5. Choose a Pre-trained Model
For this tutorial, we'll employ transfer learning, a powerful technique that leverages knowledge gained from solving one problem and applies it to a different but related problem. Specifically, we'll use a pre-trained model that has been trained on a large dataset (such as ImageNet for computer vision tasks) and fine-tune it on our flower image dataset.
We'll use the DenseNet architecture, short for Densely Connected Convolutional Networks, which is an innovative deep learning architecture that has demonstrated remarkable performance and efficient utilization of computational resources in computer vision and image classification tasks.

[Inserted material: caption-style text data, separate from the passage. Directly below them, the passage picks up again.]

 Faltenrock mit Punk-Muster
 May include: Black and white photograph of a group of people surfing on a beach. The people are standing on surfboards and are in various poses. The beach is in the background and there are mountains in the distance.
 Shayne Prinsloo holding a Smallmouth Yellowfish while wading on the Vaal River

6. Create Learner and Fine-tune
learn = vision_learner(dls, densenet121, metrics=accuracy)
learn.fine_tune(10)
We create a Learner
object, which is responsible for training the model. The vision_learner
function takes the following arguments:
- dls: The data loaders created earlier.
- densenet121: The pre-trained DenseNet-121 model to use as the starting point.
- metrics=accuracy: The metric to use for evaluating the model's performance (in this case, accuracy).

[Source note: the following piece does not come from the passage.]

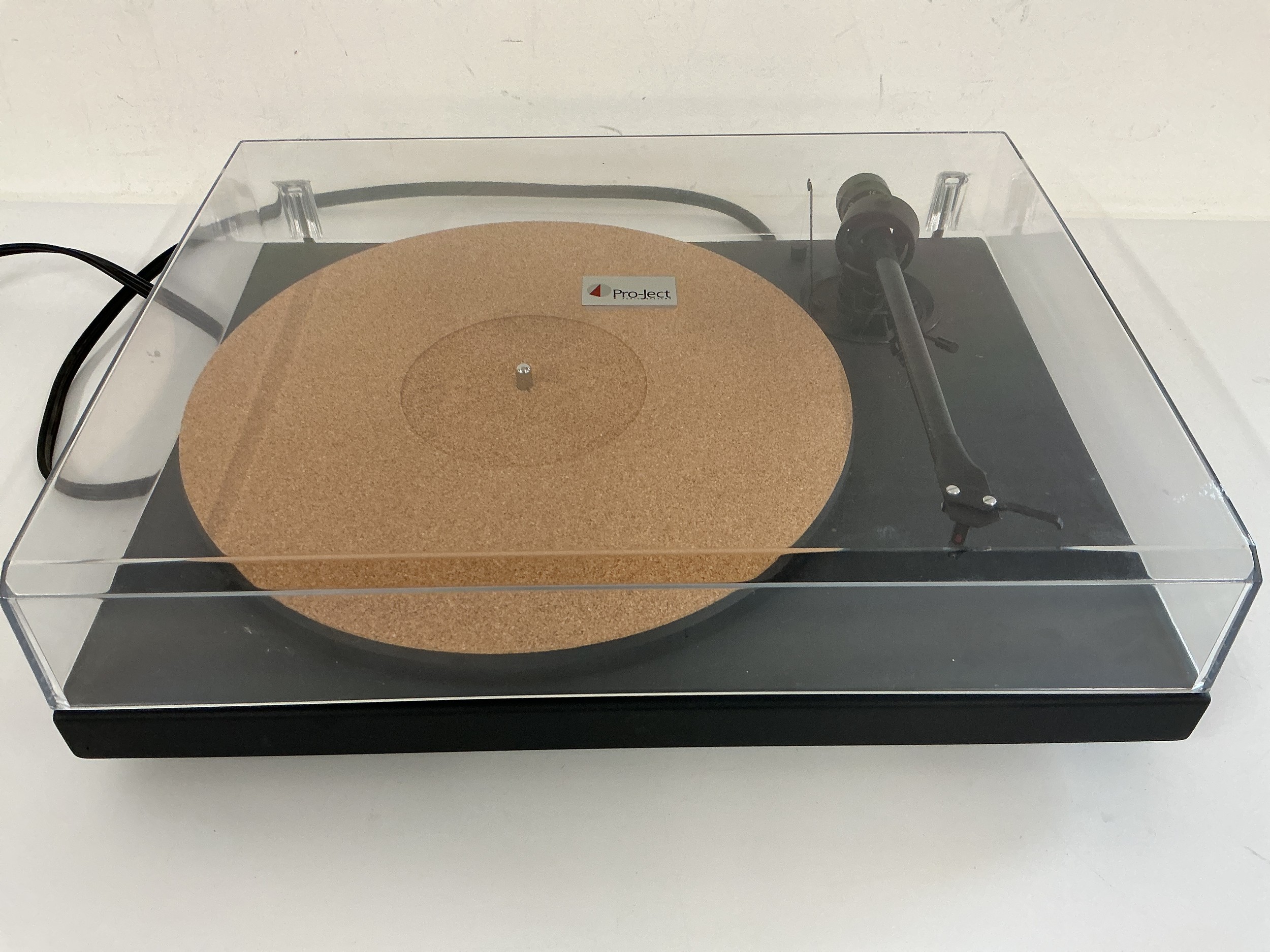 A boxed Pro-Ject 1 Expression turntable fitted with an Ortofon OMB20 red stylus. Comes with power lead, manual and a spare Ortofon 20 red stylus.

Then, we fine-tune the pre-trained model on the flower image dataset for 10 epochs (iterations over the entire dataset).
7. Evaluate Model Performance
final_accuracy = learn.recorder.final_record[2]
print(f"Final Accuracy: {final_accuracy:.2f}")
After fine-tuning, we access the final accuracy achieved by the model and print it out.
8. Visualize Results
interp = ClassificationInterpretation.from_learner(learn)
interp.plot_confusion_matrix(figsize=(15, 20))
learn.show_results(max_n=20)
These lines create a ClassificationInterpretation
object from the trained Learner
and plot the confusion matrix for the model's predictions on the validation set. Additionally, we display the top 20 predictions made by the model on the validation set, along with the ground truth labels.
9. Export Model
learn.export(f'model.pkl')
Finally, we export the trained model to a file named 'model.pkl' for future use.
This step-by-step guide demonstrates how to leverage the powerful fastai library for computer vision tasks, specifically training an image classification model on a flower image dataset using transfer learning and the DenseNet architecture.